Why Is Medium Acceleration Calculated Using Change in Velocity Over Time?

[ShizukaSm]

This I something I always wondered, but never could get my finger into:

$a_m = \frac{v_2-v_1}{t_2-t_1}$


Alright, that's medium acceleration, but why isn't it:

$a_m = \frac{a_2-a_1}{t_2-t_1}$

I mean, it does make perfect sense in my mind. Is it just because it was defined that way?

 

[HallsofIvy]

I have no clue why that would "make perfect sense"! What are "$a_2$" and "$a_1$"? Since you are using "a" to represent acceleration, I would assume that they are accelerations at some points but if your formula for acceleration involves knowing them, how would you find those accelerations to begin with?

Also, the units are wrong. In the MKS system acceleration has units of $m/s^2$. Subtracting two accelerations would give a numerator still in $m/s^2$ but then dividing by time, in seconds would give $m/s^3$ which cannot be equal to acceleration.

Acceleration is defined the "rate of change of speed"- $v_2- v_1$ is a "change in speed" and dividing by time tells how fast that change occured.

By the way, in English, the phrase is "average acceleration", not "medium. And you may be thinking of the average as "$(a_1- a_2)/2$". Now, that would give the average acceleration over an interval but you typically do not know the acceleration at two different times.

 

[ShizukaSm]

Yes. I apologize for my messiness, thanks for correcting my english too, I often write things that sound weird, it's with those corrections that I learn.

Let me be more specific. $a_2$ meant instantaneous acceleration at point two, $a_1$ at point one.
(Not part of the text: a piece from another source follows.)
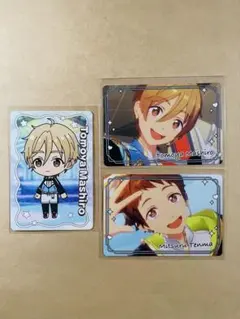 あんスタチップス　友也、光カード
Indeed I meant $\frac{(a_2+a_2)}{2}$(arithmetic mean) , and it doesn't always give me the average acceleration. That was what I meant by my question, sometimes it gives different answers.

Let me give you an example:
$$\\ v(t) = 8 + 5t + \frac{3t^2}{2} \\ a(t) = 5 + 3t \\ v(t=5) = 70.5 m/s;v(t=0)= 8 m/s \\ a(t=5) = 20 m/s^2;a(t=0) = 5 m/s^2\\ \\ \\ a_m(\Delta t) = \frac{v(t=5) - v(t=0)}{5-0} = 31.25m/s^2 \\ \\ a_m'(\Delta t) = \frac{20+5}{2} = 12.5 m/s^2$$

 

[Chestermiller]

You calculated a_m incorrectly. You divided by 2 rather than 5. 62.5/5 = 12.5.

In general, you should not expect the average acceleration to be equal to the arithmetic average of the accelerations at the at the beginning and end of the interval. In this particular case, since the acceleration is varying linearly with time, a_m = a_m'.

 

[Nickie]

I can understand your confusion and curiosity about the formula for medium acceleration. The reason why we use the change in velocity over time (v2-v1)/(t2-t1) instead of the change in acceleration over time (a2-a1)/(t2-t1) is because acceleration is a measure of how quickly velocity changes, not how quickly acceleration changes. In other words, acceleration is the rate of change of velocity, not the rate of change of acceleration.

Think of it this way, when we say something has a medium acceleration, we are saying that its velocity is changing at a medium rate. So, it makes more sense to use the change in velocity over time to measure the medium acceleration. On the other hand, if we were talking about how quickly acceleration itself is changing, then we would use the change in acceleration over time.

Additionally, the units for acceleration are meters per second squared (m/s^2) which represents the change in velocity over time. So, using the change in velocity over time as the formula for medium acceleration aligns with the units we use to measure it.

Lastly, as scientists, we use formulas and equations to represent and describe the physical world. While it may seem arbitrary at times, these formulas are based on careful observations and experiments, and have been tested and proven to accurately represent the behavior of objects and systems in the real world. So while it may seem like it was just defined that way, there is sound reasoning and evidence behind the formula for medium acceleration.

I hope this explanation helps clear up your confusion and shows the importance of using precise and accurate formulas in the field of science. Keep questioning and seeking answers, that's what drives scientific progress!